Republicans have grossly mistreated Republican women

Like many Americans, I’ve been disgusted not only by Donald Trump’s misogynistic attitude toward women, but by the way Republicans have fallen in line behind him. The shameless ones have brazenly defended his statements and actions, whereas other Republicans, who are privately embarassed, nonetheless look the other way, and try to convince all of us to do the same.

As gross of a spectacle as this has been to observe, I can’t even imagine what it must be like for the many professional Republican women who for years have staked their reputations on defending Republicans from the image that they’re a bunch of old white men who don’t care about the treatment of women. Giving voice to those women is Amanda Carpenter, who writes and speaks powerfully in a piece for the Washington Post.

Every word of the piece is worth reading, or if you prefer, you should watch the video. I’ve known Carpenter for roughly a decade, ever since shortly after she came to Washington, D.C., as a young conservative journalist, and she’s always been a person of tremendous integrity — an extremely hard-working professional who is dedicated to advancing conservatism.

She represents everything the Republican Party should be striving to be if they’re ever going to compete in future national elections. She effectively communicates that you can be a strong, confident, working woman without having to embrace liberal orthodoxy on issues such as the size of government and abortion.

Yet the 2016 election cycle has been extremely disillusioning for Carpenter, who served as a former top staffer for the Senate offices of conservative stalwarts Jim DeMint and Ted Cruz. Due to her criticisms of Trump dating back to the primaries (for both his sexist behavior as well as his liberalism), she and her family have been subjected to an unrelenting barage of personal attacks.
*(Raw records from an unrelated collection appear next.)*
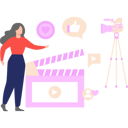 پیش‌نمایش فایل female-is-shooting-a-video-10752638 از پک شغل
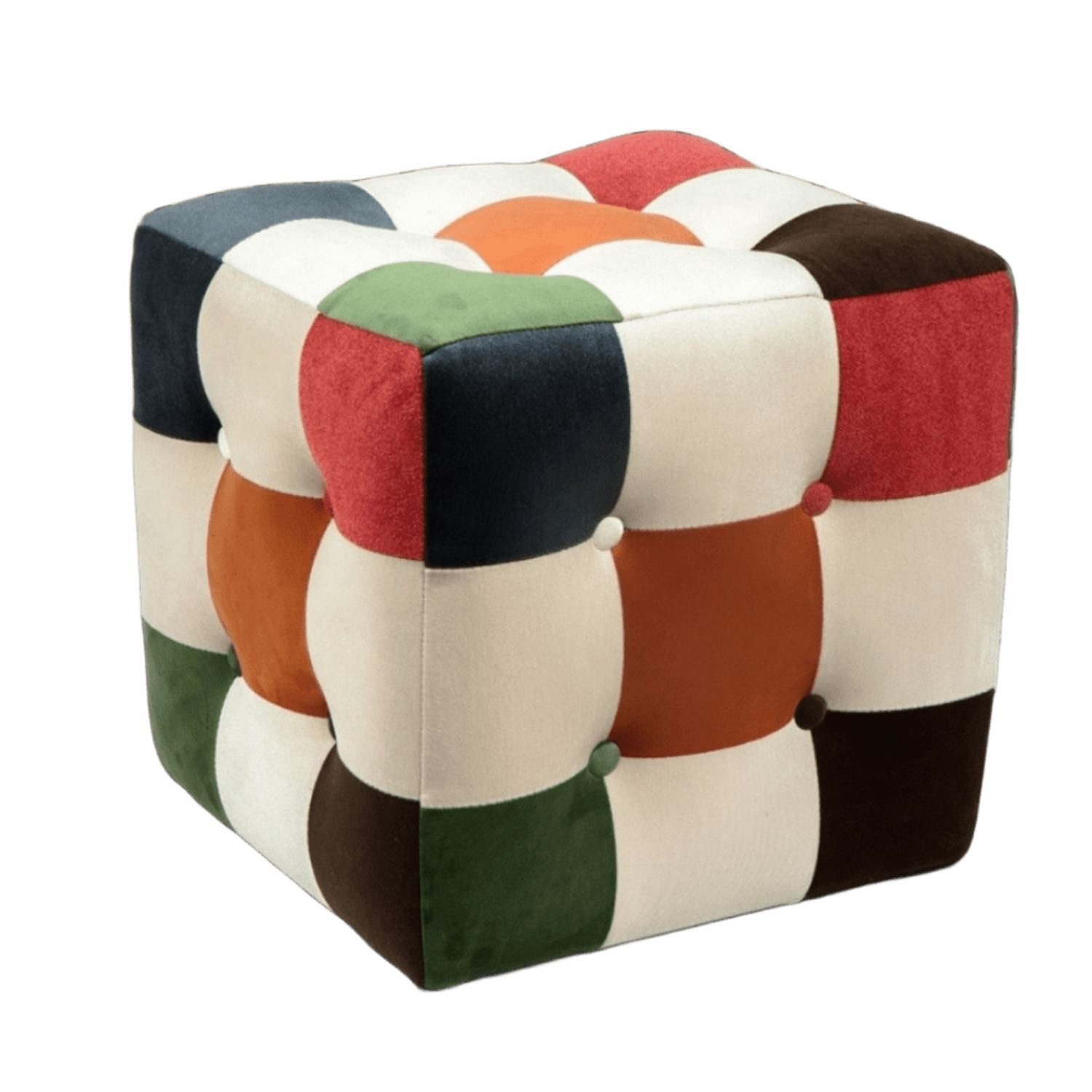 Skye Decor Pouf Patchwork (1-St), Gemusterter Polsterpouf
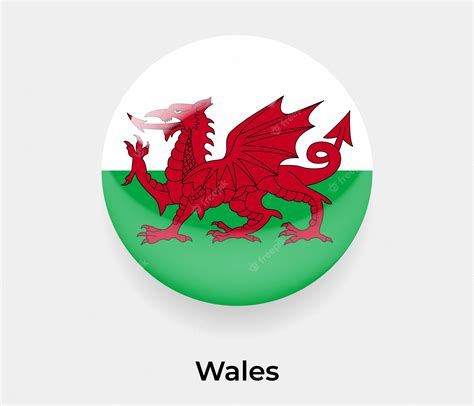 Premium Vector | Wales flag glossy bubble icon vector illustration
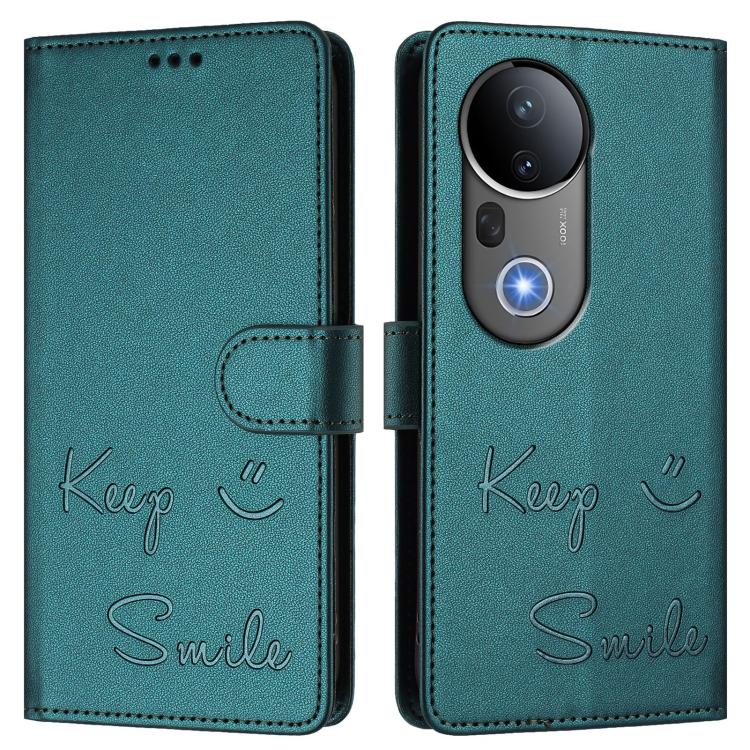 For vivo S20 Pro 5G Smile Embossing RFID Leather Phone Case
At one point, she even became the subject of a tabloid smear story that was promoted by representatives of the Trump campaign. The story put herself and those who know her in an impossible position — respond to the baseless story, and amplify it, or ignore it, and have people suggest silence must make it true.

As Trump vaulted to the nomination, she watched Republicans, one after another, fall in line behind him — even after the tape emerged of him openly boasting about sexually assaulting women. Eventually, even her old boss Cruz got on the Trump train. Like many principled conservatives, Carpenter has spent the 2016 election watching in sadness and disbelief as Republicans live up to every ugly stereotype she has spent her career trying to disprove.

In her piece, Carpenter asks a very important question:

Republican women have, for years, fended off accusations from the Democrats of the party’s allegedly anti-woman beliefs. What did we get for it? The nomination — by way of a largely older, male voting base — of a brazen and unapologetic misogynist.

I want to ask the men leading the GOP some questions. Why didn’t you defend women from this raging sexist, especially after so many Republican women — for so many years — eagerly defended the party from charges of sexism? You must make us out for fools.

A party that is too worried about its base to defend women such as Amanda Carpenter is a party that has no future.